Asset allocation model portfolios set to reach $2.9 trillion by 2026, becoming increasingly popular among financial advisors
Asset allocation model portfolios are becoming increasingly popular among financial advisors, driven by a shift towards outsourced portfolio construction. The market for these portfolios is projected to reach $2.9 trillion by 2026.
More advisors are using model portfolios, with 13% of advisor assets managed by model users and 34% of outsourcer advisors planning to increase their use. This presents a significant opportunity for asset managers to offer their investment products through model portfolios. While most model portfolios are currently proprietary, there is growing demand for open-architecture models that use a diversified set of managers.
Source: Cerulli
Evalueserve Viewpoint: The rise of asset allocation model portfolios presents a significant opportunity for wealth management firms and advisors. Advisors can capitalize on this opportunity by broadening their offerings of model portfolios, positioning themselves to meet the growing demand and offering diverse solutions for clients. Asset management firms can build proprietary open architecture platform consisting of multiple model portfolios from different asset managers.
Investor Trends
Gen Z leans on AI and family for money management, faces challenges with money discussions and curbing impulse spending, despite active budgeting efforts
A survey by Cleo found 61% of Gen Z use AI tools for financial management and 51% rely on parental advice for money management. Many find discussing finances difficult and prefer AI assistants. Over two-thirds of Gen Z (72%) find it difficult to talk about their finances, with 40% stating they would never discuss their debts with others.
Despite budgeting, Gen Z faces financial challenges like impulse purchases and neglecting savings goals. While just under three in five (58%) claimed they rarely buy things on impulse, 40% admitted to spending between $100 and $200 monthly on non-essentials. While spending habits have changed, saving remains a priority for many.
Source: Investment News
Evalueserve Viewpoint: The findings from the survey suggests that brokerage and wealth management firms should look to incorporate AI-driven financial management tools and foster family-centric financial education to better engage and support Gen Z clients, who seem to prefer using AI tools and rely on parental advice. Advisors can also provide financial coaching to influence the spending behaviors and build healthy financial habits.
Retail investors increasingly prefer index funds for performance, low fees, diversification and risk management
Retail investors using index funds are more satisfied with their performance than those using non-index funds, according to a FTSE Russell survey.

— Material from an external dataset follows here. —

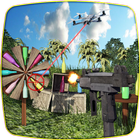 Bottle Hunting Shoot 3D Forward Shooting 아이콘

Index funds are favored for long-term performance, diversification, low fees, and risk management. Financial advisors should educate clients about index funds to increase adoption. The survey also found that 94% of investors with advisors are satisfied with them, and 90% are satisfied with their investment performance. However, fewer investors are working with advisors in 2024, especially millennials.

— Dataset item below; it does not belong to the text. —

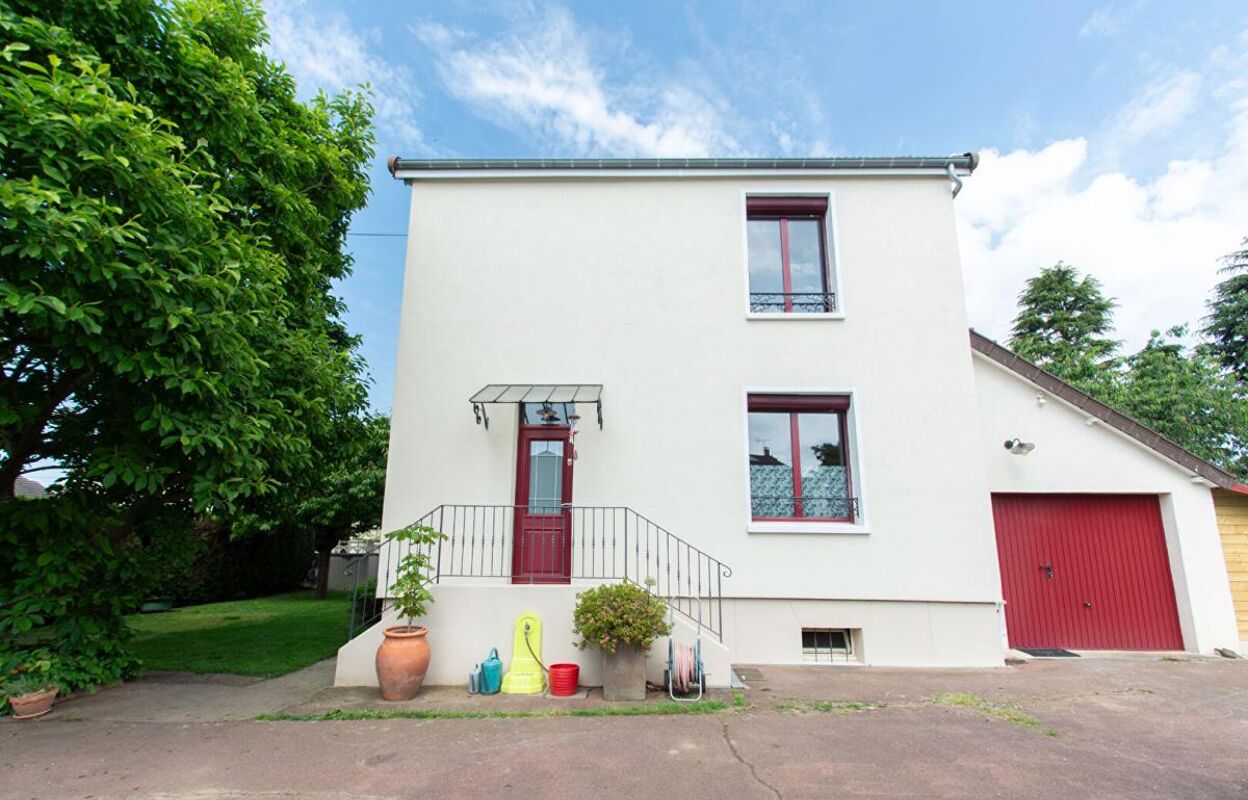 maison 6 pièces 110 m2 à vendre à Brétigny-sur-Orge (91220)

The lack of appropriate recommendations from advisors can prevent investors from using index funds. Common obstacles include unfamiliarity with index funds, not knowing which ones are best suited, and not receiving recommendations from advisors.
Source: Wealth Management
Evalueserve Viewpoint: Asset managers should proactively market index fund offerings to align with the growing investor preference. Wealth management firms should prioritize advisor education on index fund advantages. This knowledge can be effectively communicated to investors. Advisors can capitalize on millennial investor interest by strategically recommending index funds.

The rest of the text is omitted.